経済産業省が発表した平成29年度版電子商取引に関する調査によると、日本国内のBtoC-EC市場規模は16.5兆円で前年より9.1%増加しています。BtoB-EC市場規模は317.2兆円で前年より9.0%増加、またCtoCにおいてもフリマアプリの登場などによって増加しています。
 
その中でアパレルECの市場規模は1超6,454億円で前年より7.56%も伸びています。また、アパレルEC化率は11.54%と、全業界のEC化率平均5.79%に比べて大きくEC化が進んでいることがわかります。  

種類別ファッションテック企業の紹介

BtoB


・バーチャルフィッティング

画像認識やVRなどの技術が進み、バーチャル世界での試着が可能になりました。上記で触れたバーチャサイズ(Virtusize)やメモミ(memomi)と言った企業がサービスを提供しています。
メモミは鏡のような画面で、リアルタイムで着ている服の色を変えることや前に来た服の画像を画面半分に写し、着替えることなく今来ている服と比較することができます。このメモリーミラーと言われる画面は店舗に置かれ、売り場の雰囲気を盛り上げます。
 

BtoC


・バーチャルスタイリスト

コーディネートについて、オンライン上でプロのスタイリストからアドバイスをもらえたり、AIからレコメンドをもらえたり、おしゃれな人の着こなしを見ることができます。
 
ZOZOTOWNが運営する「WEAR」がこれにあたります。WEARは日本最大級のファッションコーディネートサイトです。おしゃれな人が着こなしや着用アイテムを紹介しており、ユーザーはコーディネートを勉強しながら気に入った商品があればZOZOTOWNや公式ホームページで購入することができます。
 

・クロージングサブスクリプション

服を購入するのではなく、定額で借りるというサービスです。毎月決まった金額で決まった点数を借りることができます。シェアリングサービスやレンタルサービスとも言われます。 
ドレスやパーティーグッズをレンタルするアメリカの「Rent to the runway」やブランドバッグのレンタルをする「Laxas」と言ったサービスがあります。普段着る機会の少ない服や高級なものは購入には至らないもののレンタルには需要があるようです。

BtoB/C


・プラットフォームサービス

「sitateru」というサービスは衣服を作りたい個人または企業が小ロットからオリジナルの服を生産できるようにしたプラットフォームです。オンライン上で製作の全行程をサポートしながら適した生産工場と繋げてくれます。同じようなサービスの「nutte」は縫製の注文を依頼したい人と縫製の注文を受けたい職人のマッチングサービスです。同じく小ロットの注文を依頼することができます。

IT×〇〇(他業種への応用)

テクノロジーの活用はファッション業界に限らず多くの分野で始まっています。

・ビューティーテック(BeautyTech)

化粧品関連とテクノロジーを組み合わせた造語です。2018年は「ビューティーテック元年」と言われるほど化粧品業界でもテクノロジーを活用し始めています。
化粧品業界と美容医療業界の境界線がなくなって来ており、テクノロジーによって化粧品の枠を超えた新技術の開発が進んでいます。
例えば、資生堂が買収した米国ベンチャー企業Olivo Laboratoriesは専用クリームを肌に塗ることで人工皮膚を肌上に形成しシワやたるみを瞬時に隠すといったことを可能にしています。

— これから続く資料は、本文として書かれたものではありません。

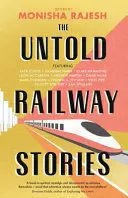 THE UNTOLD RAILWAY STORIES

ファッションテックにおけるバーチャルスタイリストのように、ビューティーテックが叶えるものはパーソナライゼーションです。AIを活用して自動で肌状態を細かく分析してくれるスマートミラー「Hi Mirror」は美容コンサルタント以上の役割を果たします。
分析結果から個人に合わせたスキンケア方法や効果のありそうな化粧品を紹介してくれます。バーチャルメイクアップ機能もあり、自分が気に入ったメイク方法を教えてくれます。

また、似たような機能を持つ「ModiFace」というバーチャルメイクアプリはAR技術を駆使しリアルタイムでメイクのシミュレーションができます。
アプリで利用がしやすく、スマートフォンのカメラで自分の顔を写すだけで機能を楽しめます。ファッションテックで紹介したバーチャルフィッティングと同じようなサービスだと言えます。

・メドテック(MedTech)

医療(Medical)とテクノロジーを組み合わせた造語です。人口の高齢化が進む中、医療専門職の不足が問題視され、メドテックが医療プロセスの効率化や自動化を可能にすることが期待されています。
医療行為である場合は医師が行わなくてはならないため、メドテックの技術の多くは支援型のものです。手術支援ロボットや福祉用ロボットスーツなどが成長しています。

「Babylon Health」は本格的な医療診断をスマホでできるというイギリスのスタートアップが開発したアプリです。世界で100万以上ダウンロードされ、イギリスで25万人以上のユーザー数を獲得しています。
このサービスは、ユーザーがアプリ内のチャットボットに症状を打ち込むと、瞬時に考えられる病名を出してくれるというもので、この医療AIの精密さは人間の医師以上という結果が出ています。
必要に応じて医師とのビデオチャットをすることもできます。サービスは月額制で、日本円で約740円ほどで利用することができます。

・フードテック(FoodTech)

食品関連サービスとテクノロジーを組み合わせた造語です。食料の生産から加工、流通、管理など全食品分野において技術が取り入れられつつあります。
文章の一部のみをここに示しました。